- **DESCRIPTION OF THE TASK**
Give the listing again word for word. Skip the pictures.

- **DATA**
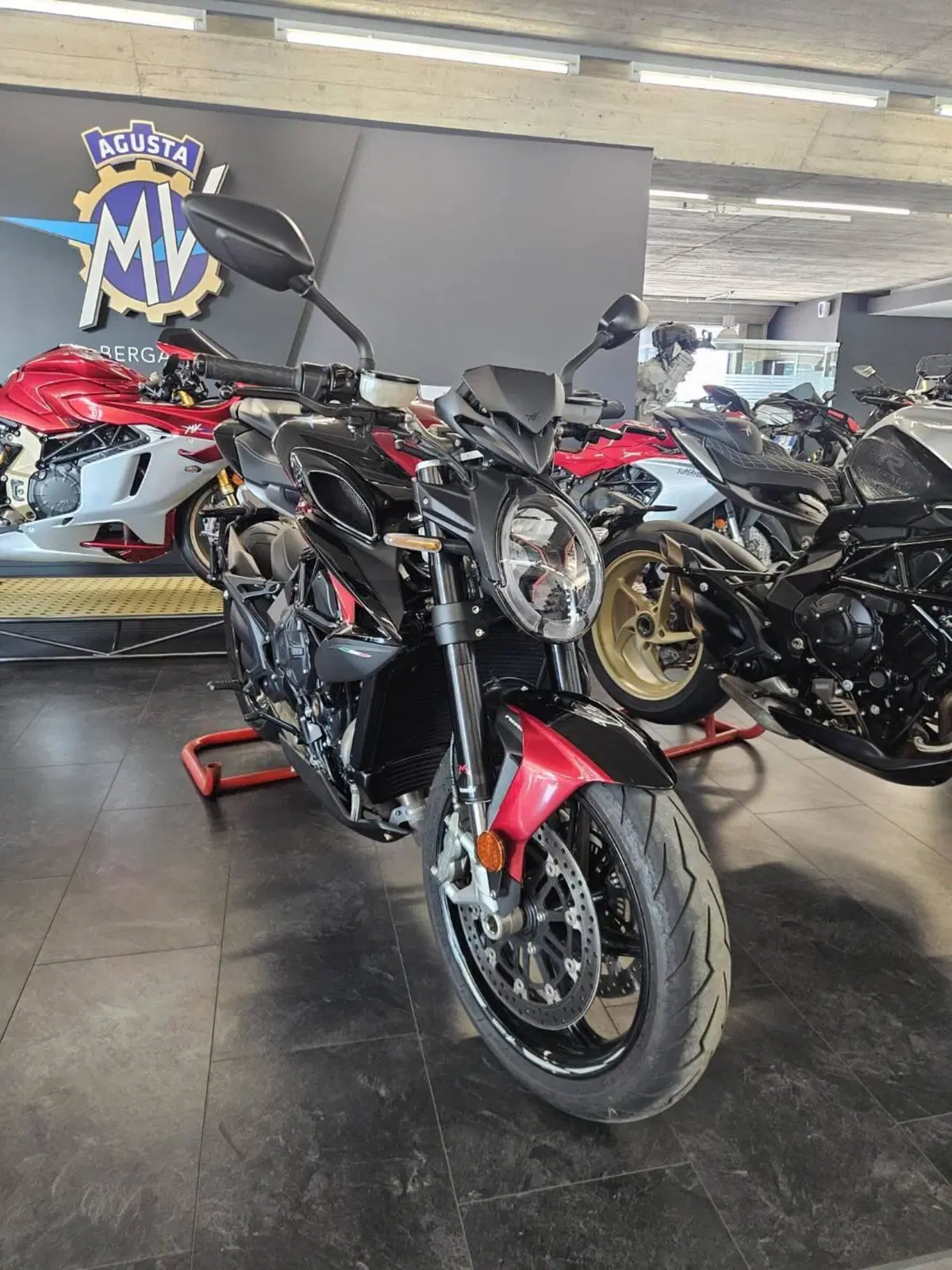 MV Agusta Brutale 800 RR (2021 - 25) (2)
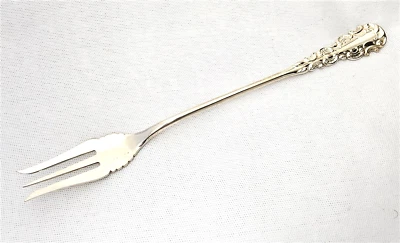 Tenedor Watson Plata Esterlina Oliva Pickle Vintage "T" Mono 6 1/8" Largo Foto 1 de 4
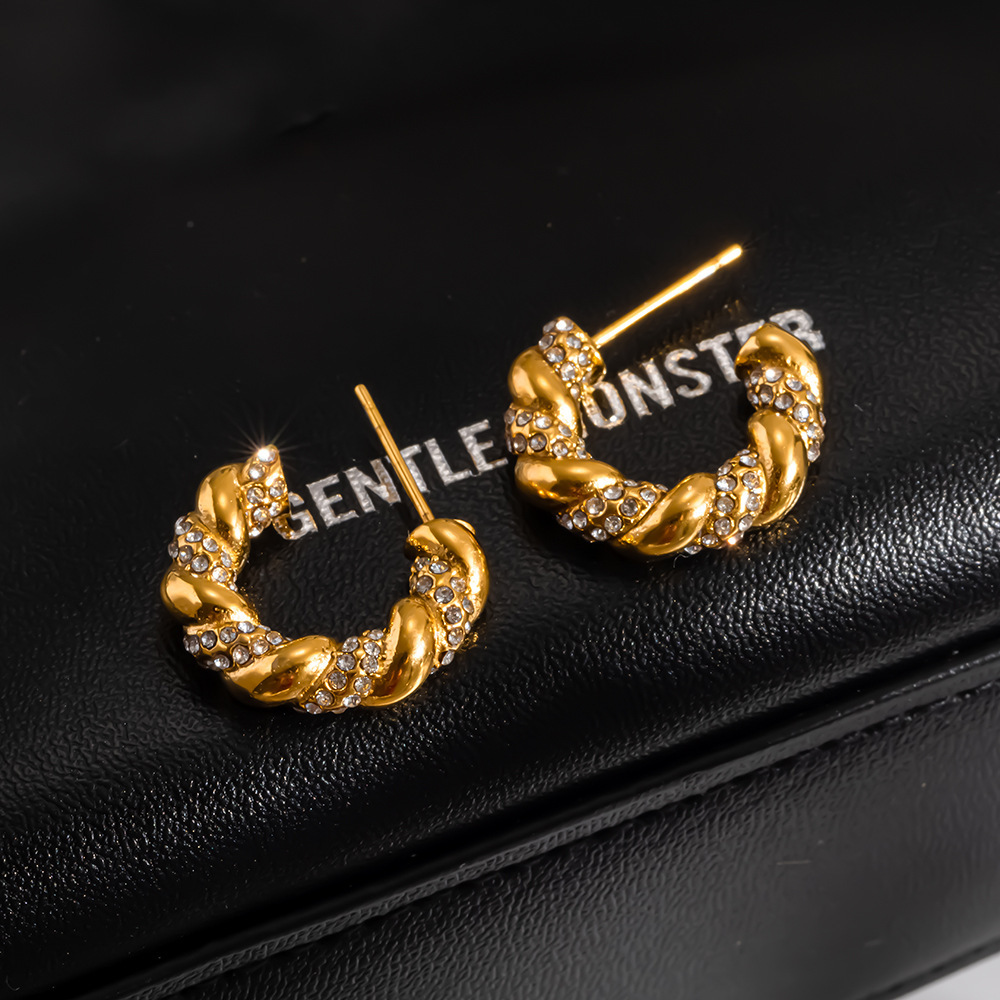 Boucles D'Oreilles Créoles Élégantes Et Luxueuses En Acier Inoxydable Torsadé, Couleur Or, Imperméables Et Ornées De Strass. Image4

- **EXERCISE OUTPUT**
 MV Agusta Brutale 800 RR (2021 - 25) (2)
 Tenedor Watson Plata Esterlina Oliva Pickle Vintage "T" Mono 6 1/8" Largo Foto 1 de 4
 Boucles D'Oreilles Créoles Élégantes Et Luxueuses En Acier Inoxydable Torsadé, Couleur Or, Imperméables Et Ornées De Strass. Image4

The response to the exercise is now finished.